The EB-5 visa provides a method of obtaining a green card for foreign nationals who invest in a new commercial enterprise, which in this case was American International Schools LLC, a private entity the school has contracted with for management and instructional services.
"These investors bought into AIS (LLC) for the purpose of seeking legal status in the United States through the EB-5 process. It was worked on by the prior AISU administration. There's some concern and some potential risk out there because of the amount of funds that were contributed as capital investments," Burggaaf said.
"There's a lot of evidence the problems were a result of our school being collateralized for a side venture. When that side venture quit working, all the liabilities that were there have now come to roost on our school," Young said.
Young said it is unfortunate that most people know little about the school.
If people heard the stories of the school's teachers and students "you would hear a story of innovation, of success of a model that was emerging that could change lives that did change lives. I want that to be the story of AISU," Young added.
For the remainder of the school year, counselors, coaches and teachers will work to mentor and advise students, Young said.
"We will help them tell their story. We want them to be able to grieve a bit and be able to communicate their feelings and their experiences so that their story can be part of this great legacy of education," he said.
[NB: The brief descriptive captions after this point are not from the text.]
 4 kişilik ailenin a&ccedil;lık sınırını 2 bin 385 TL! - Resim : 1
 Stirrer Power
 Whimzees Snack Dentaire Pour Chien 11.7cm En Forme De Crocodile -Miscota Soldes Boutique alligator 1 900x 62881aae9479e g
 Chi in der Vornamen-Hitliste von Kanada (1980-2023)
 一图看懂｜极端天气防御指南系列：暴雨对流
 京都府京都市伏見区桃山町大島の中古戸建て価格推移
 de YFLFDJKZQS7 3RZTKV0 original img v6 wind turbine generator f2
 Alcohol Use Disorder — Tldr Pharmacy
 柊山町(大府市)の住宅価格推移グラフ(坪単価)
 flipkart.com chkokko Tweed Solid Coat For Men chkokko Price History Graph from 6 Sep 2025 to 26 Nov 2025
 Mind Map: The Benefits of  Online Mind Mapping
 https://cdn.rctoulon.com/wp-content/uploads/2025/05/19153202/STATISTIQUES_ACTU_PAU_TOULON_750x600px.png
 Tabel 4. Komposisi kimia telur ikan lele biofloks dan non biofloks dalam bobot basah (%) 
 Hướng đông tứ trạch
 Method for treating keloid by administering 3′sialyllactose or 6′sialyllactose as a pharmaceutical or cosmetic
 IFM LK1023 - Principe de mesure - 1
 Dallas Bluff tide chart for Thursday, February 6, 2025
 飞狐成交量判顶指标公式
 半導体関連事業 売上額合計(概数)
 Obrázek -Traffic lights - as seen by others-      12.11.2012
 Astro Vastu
Young said he and other key administrators will work with the state to ensure a smooth closure and provide information the state may need to assist its oversight responsibilities.
AISU is on "warning" status with the State Charter School Board, which authorized its charter. The school is on the state board's agenda on Thursday, although it is unclear what, if any, action it would take after the school's board of directors voted to close the school.
The school was placed on warning status late last year over concerns about its continued financial viability, said Jennifer Lambert, the Utah State Charter School Board's executive director.
The school opened the fall of 2014. State Charter School Board granted its charter in February 2013.
At the time, the charter school's application stated, "AISU will operate in a fiscally conservative and prudent manner so that the school has the resources it needs to support school improvement efforts on a continual basis."